In a New York Times report, Isabel Kershner mainly referenced military and official statements, giving negligible space to the activists who had been illegally detained. More, Kershner reminded Times readers that Gaza “is ruled by the Islamic militant group Hamas” (NYT, November 4). The fact that Hamas was democratically-elected by a decisive majority in January 2006 seemed immaterial. Also irrelevant was the fact that the Fourth Geneva Convention of 1949 prohibits collective punishment. Article 33 states that: “No protected person may be punished for an offence he or she has not personally committed. Collective penalties and likewise all measures of intimidation or of terrorism are prohibited.”
It was particularly interesting to watch the short video clip released by the Israeli military (idfspokesperson. com) where a naval official called on the ships to turn around, saying: “Your attempt to enter the Gaza Strip by sea is a violation of international law. We remind you that humanitarian supplies can be delivered to the Gaza Strip by land and you are welcome to enter Ashdod port and deliver supplies through land crossings.”
Israeli navy, military, and government officials must have been congratulating themselves on a job well done, as international activists were arrested, herded into police stations, and forced to sign their deportation papers. However, this latest mission—Freedom Waves—actually exposed as fraud the logic Israel used to justify its siege of Gaza. The October 18 prisoner swap of captured Israeli soldier Gilad Shalit for a few hundred Palestinian prisoners was expected to bring an end to the Gaza siege. But it didn’t.

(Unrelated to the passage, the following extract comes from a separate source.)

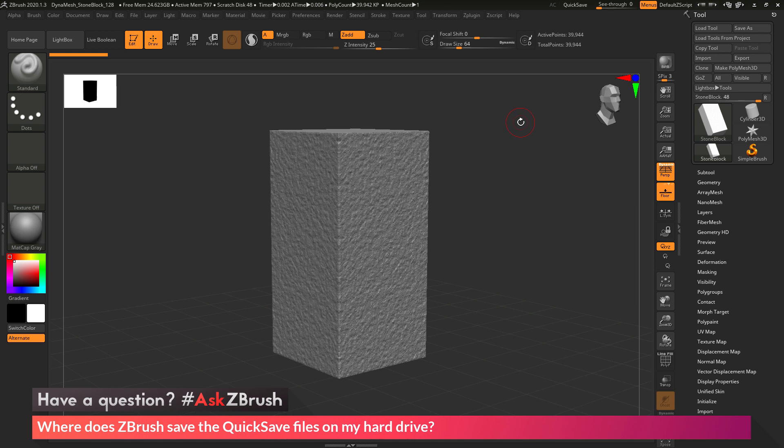This is Joseph Drust, and welcome back to another episode of Ask ZBrush. So we had a question sent in asking, where does ZBrush save the quicksave files on my hard drive?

Writing in the Huffington Post, Just Foreign Policy Director Robert Naiman stated, “In practice, the issue of the Gaza blockade has been entangled with the issue of the captivity of Israeli soldier Gilad Shalit.” He cited a Washington Post article: “The blockade was widely seen as a punitive measure driven in large part by the outrage that Shalit’s abduction in 2006 generated in Israel” (October 26).
Now that Shalit is free, thanks to Tahrir and MV Saoirse, we know that the siege as a response to Shalit’s capture was a ruse and that Israel has no immediate plans to end the perpetual captivity of 1.5 million Palestinians in Gaza. But we also know that Freedom Waves will continue. “Despite this Israeli aggression, we will keep coming, wave after wave, by air, sea, and land, to challenge Israel’s illegal policies towards Gaza and all of Palestine,” said Huwaida Arraf, a spokesperson for the activists. “Our movement will not stop or be stopped until Palestine is free.”